> **INSTRUCTIONS FOR THE TASK**
The output should be the line containing "Day of week in Scrabble" and every later line of the records, exactly as written, and nothing else.

Items from a dataset:
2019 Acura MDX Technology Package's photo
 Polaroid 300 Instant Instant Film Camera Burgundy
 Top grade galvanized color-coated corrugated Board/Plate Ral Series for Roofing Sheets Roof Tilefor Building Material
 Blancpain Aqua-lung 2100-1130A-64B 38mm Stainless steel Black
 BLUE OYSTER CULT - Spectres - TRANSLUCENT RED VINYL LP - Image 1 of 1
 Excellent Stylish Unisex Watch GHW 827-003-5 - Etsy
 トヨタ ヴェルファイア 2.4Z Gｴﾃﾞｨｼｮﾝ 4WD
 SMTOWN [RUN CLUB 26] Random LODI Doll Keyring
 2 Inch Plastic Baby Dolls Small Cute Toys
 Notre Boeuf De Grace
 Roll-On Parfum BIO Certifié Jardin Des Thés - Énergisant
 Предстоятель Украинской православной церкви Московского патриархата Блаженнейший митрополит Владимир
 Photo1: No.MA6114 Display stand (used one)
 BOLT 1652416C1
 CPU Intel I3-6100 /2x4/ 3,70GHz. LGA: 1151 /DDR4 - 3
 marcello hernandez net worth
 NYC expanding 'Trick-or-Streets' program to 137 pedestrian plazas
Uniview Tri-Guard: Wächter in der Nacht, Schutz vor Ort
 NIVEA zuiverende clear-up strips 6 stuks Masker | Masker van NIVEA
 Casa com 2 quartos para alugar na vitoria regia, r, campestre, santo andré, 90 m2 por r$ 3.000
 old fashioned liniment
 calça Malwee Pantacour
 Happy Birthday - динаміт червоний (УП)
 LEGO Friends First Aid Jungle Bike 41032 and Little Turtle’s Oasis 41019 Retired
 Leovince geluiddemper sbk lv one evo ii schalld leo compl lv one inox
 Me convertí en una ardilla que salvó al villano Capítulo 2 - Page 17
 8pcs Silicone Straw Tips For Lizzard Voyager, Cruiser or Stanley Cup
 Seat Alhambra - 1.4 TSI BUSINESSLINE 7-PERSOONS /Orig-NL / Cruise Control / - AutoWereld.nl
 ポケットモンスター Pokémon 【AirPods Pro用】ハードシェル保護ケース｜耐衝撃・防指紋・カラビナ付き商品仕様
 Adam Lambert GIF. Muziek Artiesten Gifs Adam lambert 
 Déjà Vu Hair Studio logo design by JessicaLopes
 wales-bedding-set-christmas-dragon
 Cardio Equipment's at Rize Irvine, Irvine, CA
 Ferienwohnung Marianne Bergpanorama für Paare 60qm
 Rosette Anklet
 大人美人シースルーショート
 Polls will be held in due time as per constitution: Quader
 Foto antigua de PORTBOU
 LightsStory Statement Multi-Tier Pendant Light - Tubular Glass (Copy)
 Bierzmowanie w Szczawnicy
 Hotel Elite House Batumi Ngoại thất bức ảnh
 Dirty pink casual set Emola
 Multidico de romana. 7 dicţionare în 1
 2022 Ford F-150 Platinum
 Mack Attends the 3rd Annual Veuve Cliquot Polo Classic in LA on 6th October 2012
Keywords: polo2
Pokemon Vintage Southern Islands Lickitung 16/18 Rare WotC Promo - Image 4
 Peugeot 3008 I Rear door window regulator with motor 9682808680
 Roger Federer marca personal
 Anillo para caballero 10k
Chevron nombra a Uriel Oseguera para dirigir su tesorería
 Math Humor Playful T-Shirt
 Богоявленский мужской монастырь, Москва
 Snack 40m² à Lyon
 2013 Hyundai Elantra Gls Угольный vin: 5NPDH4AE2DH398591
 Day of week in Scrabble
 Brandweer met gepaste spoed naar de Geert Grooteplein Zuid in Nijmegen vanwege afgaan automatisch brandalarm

> **EXERCISE OUTPUT**
 Day of week in Scrabble
 Brandweer met gepaste spoed naar de Geert Grooteplein Zuid in Nijmegen vanwege afgaan automatisch brandalarm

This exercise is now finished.